I currently run a pair of PARADIGM 11se MkII with a Class D audio (300WPC) amp with a outlaw 990 prepro. I would like to buy a pair if speakers for the rears. I am also considering moving the PARADIGM's to the rear if you guys can recommend me something that is equal or better that my current speakers. I will be getting separate amps for the rears and center speaker.

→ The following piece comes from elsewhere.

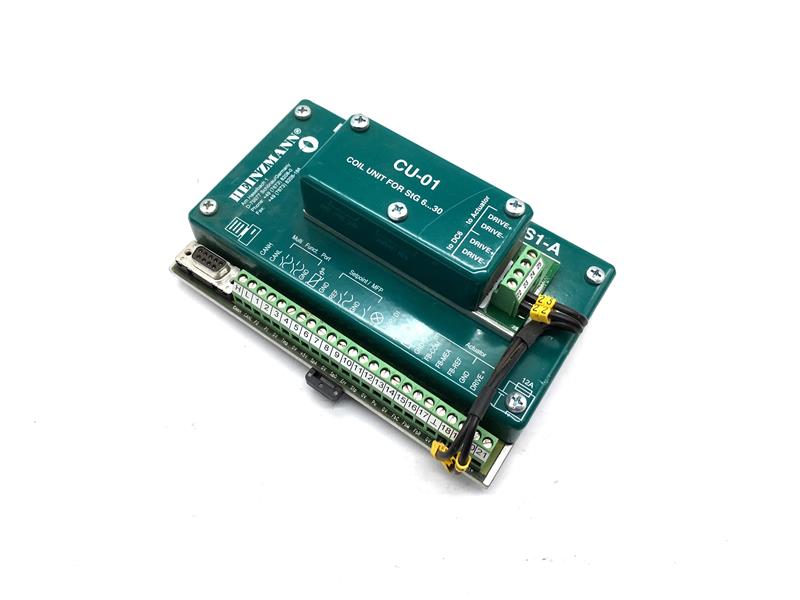 HEINZMANN PDC-30-6-06S1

P.S = I absolutely love the paradigms.


----------



## gdstupak (Jul 13, 2010)

For a surround sound system, it is best to use all of the exact same speaker.
If you have the money to upgrade your speakers, do so. Otherwise, if you really like the sound of your current speakers, my advice would be to buy more of the 11se's to fill in the surrounds. Yes, even the center channel. As a center channel, if the 11se is too tall (39.75") and you want your display at a lower height, then go for a smaller model speaker in the 11se line-up: the 9se (30")....the 7se (25").


----------



## B- one (Jan 13, 2013)

I would look for a paradigm center channel with similar drivers as your current speakers, or as mentioned earlier the same tower like you have. I would buy a pair of bookshelf or similar wall mounted speaker or the towers if it works for your layout. As you said you really like your current speakers , if you can find more of them,you would already know what your getting. Your budget would be good for possible recommendations.


----------



## MikeBiker (Jan 3, 2010)

As others have mentioned, it is best to have all the speakers being from the same family with equivalent characteristics. You like the Paradigms you have, so get some more to move to HT. You will need to get a subwoofer to add the low bass that movies have.


----------



## curiousabs (Nov 19, 2013)

I cant find my speakers anywhere. I have been looking. Maybe go with other paradigm's?:dontknow:


----------



## B- one (Jan 13, 2013)

I guess your watching the used market. Just keep looking everyday. I did that looking for some marantz amps and it eventually paid off. Or like your thinking find some that are close enough to your liking.


----------



## gdstupak (Jul 13, 2010)

It would probably be difficult to match your old SE's with anything other than something from that product line. As you mentioned earlier, the old SE's could move to the rear surrounds and get something else (the new SE's?) for the front 3 channels. The rear surrounds aren't as important as the front 3 for matching sound characteristics.


----------



## willis7469 (Jan 31, 2014)

I would keep checking the used market also. That can take awhile, but can pay off. Another option might be to call paradigm, and ask if anything current would have a similar sonic signature. If they don't have an exact match, then move the old ones to the back, get a new LCR set. I've found it very distracting when sounds don't pan smoothly across the front. As mentioned above, it's not quite as important that the fronts and rears match, but I think over time, if you ever pick up on a timbre difference, that's all you'll hear. In that case, (now or later) you can match a set of rears at that time. Then you'll have a set to start 2.1 system! :devil:


----------



## curiousabs (Nov 19, 2013)

Alright, 

Thanks for all your advice guys


----------